To test our approval, we simulated a Federated -Learning (FL) setup, where the hunger of devices updates their local models using data they do not share. These updates are gathered and combined with updates from cloud servers that repeat training with historical data to take regression on the ASR model. These innovations allow for 10% relative improvement of word error speed (WER) on new use cases with minimal degradation of other test sets in the absence of strong supervision signals, such as Earth-Sand Sandside Contributions.
Noisy students
Semi-monitored learning often uses a large, powerful teacher model to label training data for a smaller, more efficient student’s model. In edge units that often have calculation, communication and memory restrictions, larger teacher models may not be practical.
Instead, we consider the so-called noisy student or iterative-pseudo-labeling paradigm, where the local ASR model acts as a teacher model for itself. Once the model has labeled the locally stored sound, we throw the examples out where the label confidence is too high (Asy will not teach the model anything new) or too low (probably wrong). Once we have had a pool of strong, pseudo-labeled examples, we increase the examples by adding elements such as noise and background speech with the love to improve the trained model robustness.
We rotate weak monitoring to prevent faultfoot backs where the model is trained to predict erroneous self-marks.
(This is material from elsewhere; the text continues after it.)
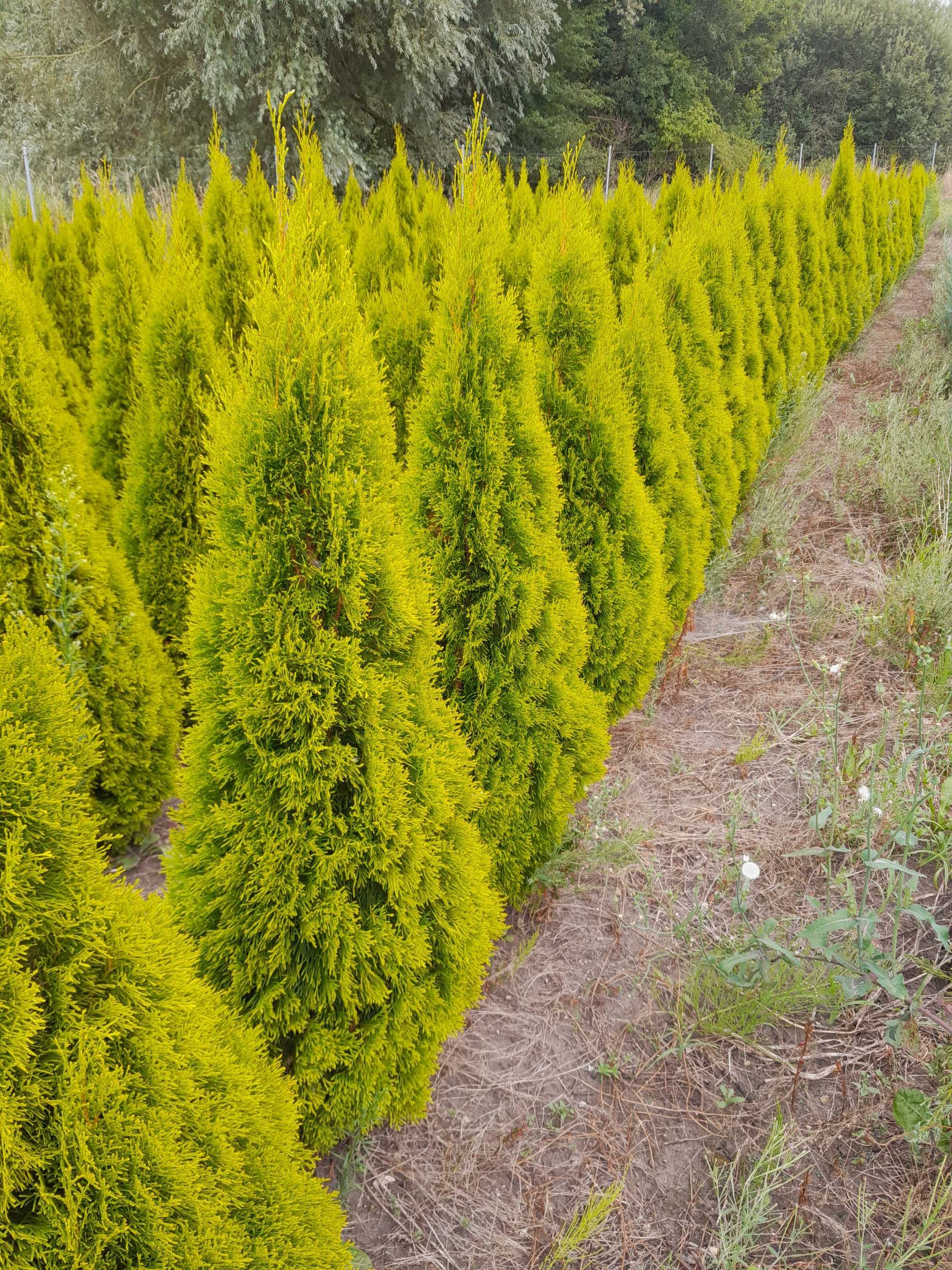 Tuje, Thuja szmaragd 110,130,150,180,200cm PRODUCENT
Users typically interact with conversation agents across multiple turns in a session, and later interactions may indicate where a request has been properly handled. Cancellation or repetition of a request indicates user disabilities, and users may also be asked for explicit feedback signals. These types of interactions add an additional source of soil sandy with the self-marks.
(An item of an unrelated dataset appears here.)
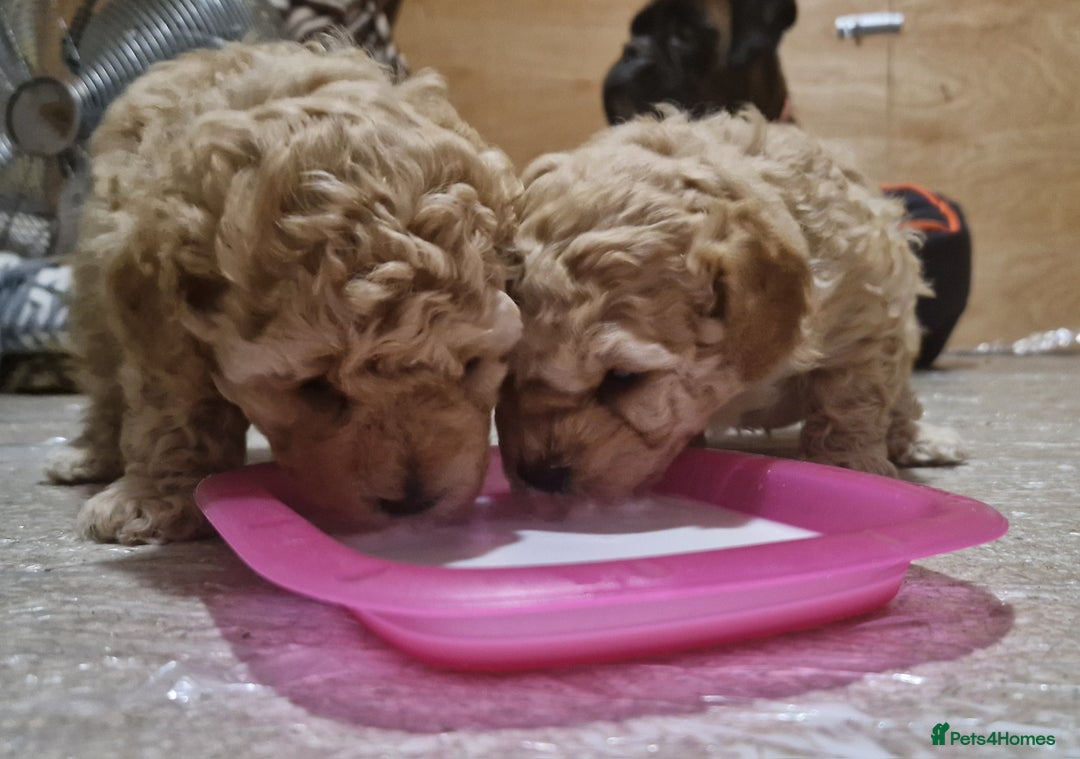 Poochon dogs for sale: Beautiful Poochon Puppies - Image 6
In particular, we use reinforcement learning to update the local models. In reinforcement learning, a model repeatedly interacts with its environment and tries to learn a policy that maximizes a certain reward function.
We simulate rewards using synthetic scores based on (1) implicit feedback and (2) semantics introduced by an on-the-unit natural-langue-understandable (NLU) model. We can convert the discharged semantics from the NLU model to a feedback score by calculating a semantic cost metration (eg fraction of named units labeled by the NLU model, which is also shown in the ASR hypothesis).
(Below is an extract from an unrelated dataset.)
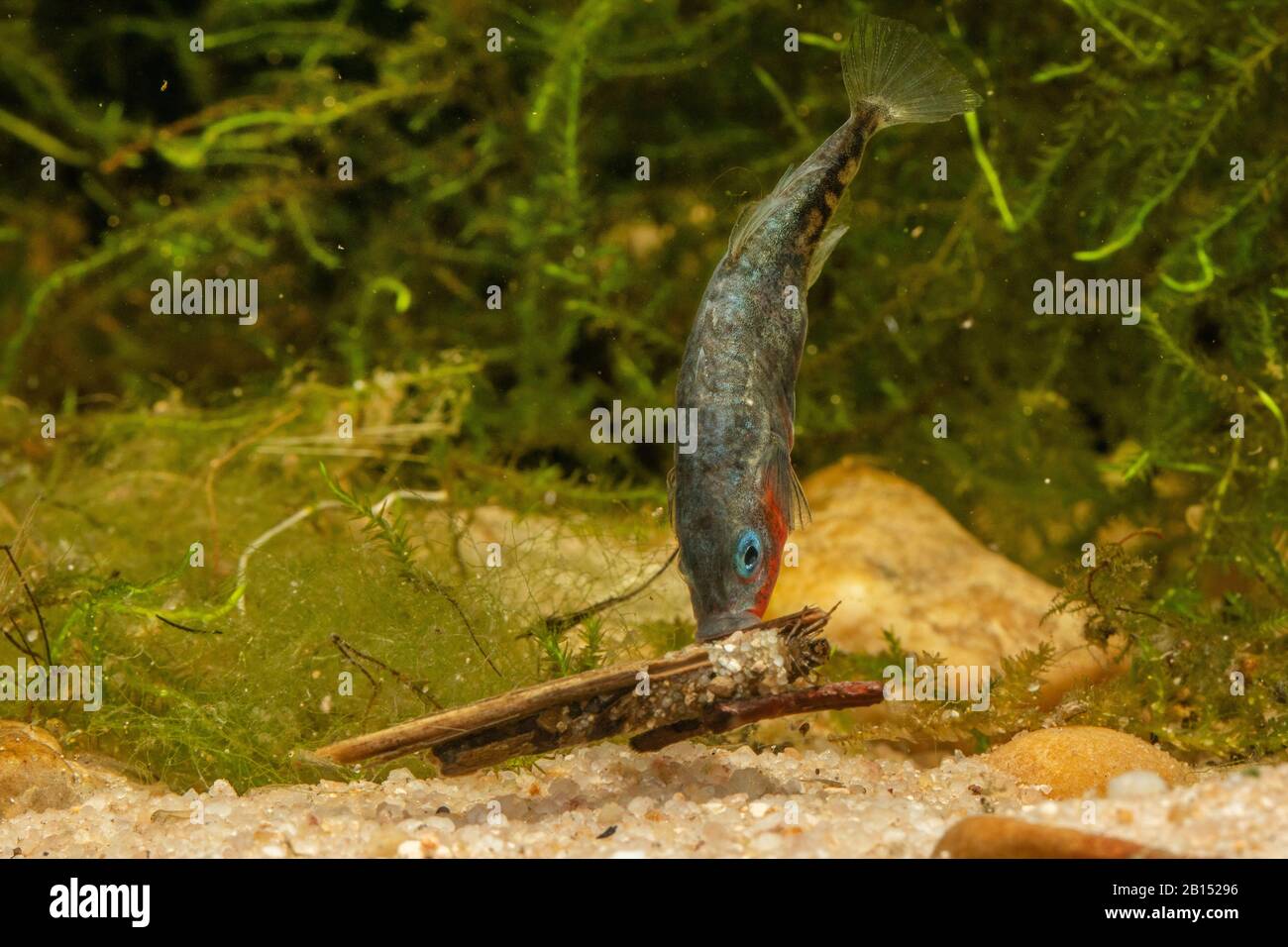 Stickleback de tres espinas (Gasterosteus aculeatus), nido masculino con larvas que desafían, atacando la larva de la mosca caddis, Alemania Foto de stock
To utilize this noisy feedback, we update the model using a combination of the self -learning loss and an increased loss of reinforcement. Since feedback scores cannot be used directly to update the ASR model, we used feature that maximizes the probability of predicting hypotheses with high reward results.
In our experience, we used data on 3,000 training rounds across 400 devices using self -marks and weak supervision to calculate gradients or model updates. A Sky Orchrator combines these updates with updates generated on 40 pseudo-devices on cloud servers that calculate model updates using historically transcribed data.
We see improving more than 10% We test sets with new data – ie. utterances where words or phrases are five times more popular in the current period than before. Cloud-Pseudo-Devices performs replay training that prevents catastrophic forget or degradation of older data when models are updated.